In November, about 8,400 homes were listed for sale with area Realtors. That’s about the same number as November 2003. We had been seeing much higher listings in recent years, so it was good to see listings fall back to 2003 levels.

Sales were much better in 2003, however, so the market could absorb another 8,000 homes without a problem.

Now that homes are taking 3 to 4 months to sell on average, every additional home that is listed just makes our oversupply problem worse.

Fortunately, listings were down for almost all of 2008. Ever since March, sellers added fewer homes to the inventory than in 2007. Realtors posted 136,000 listings during the first 11 months of 2008, compared to 154,000 during the same period in 2007.

Folks are finally beginning to understand that it’s just not a great time to sell. As a result, fewer are listing their homes for sale, and fewer listings can help with our inventory overload. That will eventually help the market bounce back.

Remember that home listings are not the same as inventory. The inventory is the number of homes on the market on a given day. In other words, it is the volume of competition you face as a seller. If you are a buyer, the inventory represents the number of homes you can look at as you shop around.

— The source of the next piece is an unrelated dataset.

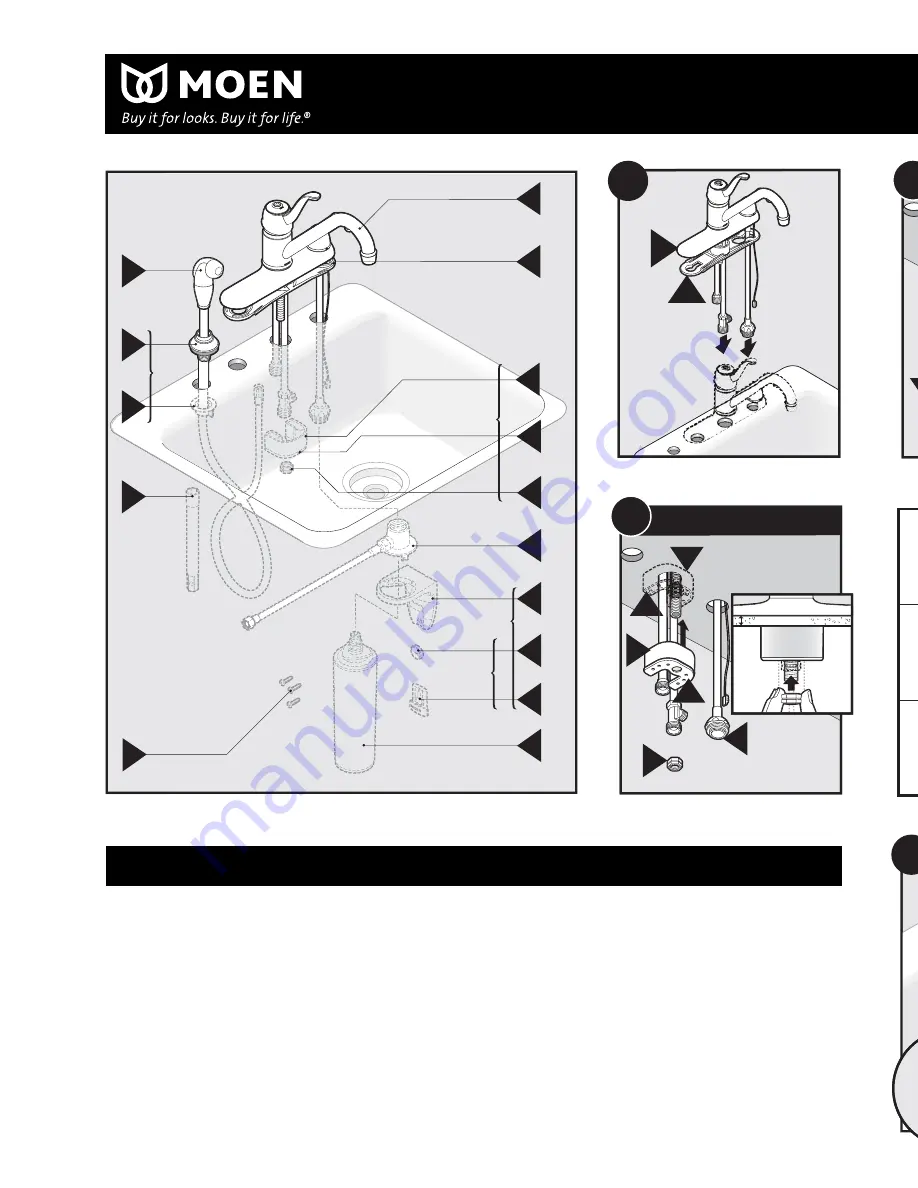 Moen F87420 User Manual Download Page 2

The home-listings data in today’s charts refer to the number of homes put up for sale in a given month. In 2007 when sales were terrible, the huge number of listings just pushed inventory higher and higher.

In 2008, sales were higher and listings were lower. As a result, the inventory of unsold homes fell to 43,700 at the end of November, which was 9 percent less than the inventory in November 2007.

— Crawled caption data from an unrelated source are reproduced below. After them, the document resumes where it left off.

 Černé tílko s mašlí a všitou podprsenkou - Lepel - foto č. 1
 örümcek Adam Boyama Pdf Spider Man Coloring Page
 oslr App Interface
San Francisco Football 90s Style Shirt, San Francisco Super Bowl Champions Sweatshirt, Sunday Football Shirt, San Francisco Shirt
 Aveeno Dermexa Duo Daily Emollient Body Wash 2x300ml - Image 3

That is still a much larger inventory than we had a few years ago. If 2009 is going to be a better real estate market, it will be because sales continue to bounce back, and listings either fall or remain the same.

Contact Chris Sicks by e-mail ([email protected]).

The statistics in this story reflect a metropolitan area that includes the Maryland counties of Montgomery, Prince George’s, Anne Arundel, Howard, Charles and Frederick; the Virginia counties of Arlington, Fairfax, Loudoun, Prince William, Spotsylvania and Stafford; the city of Alexandria; and the District.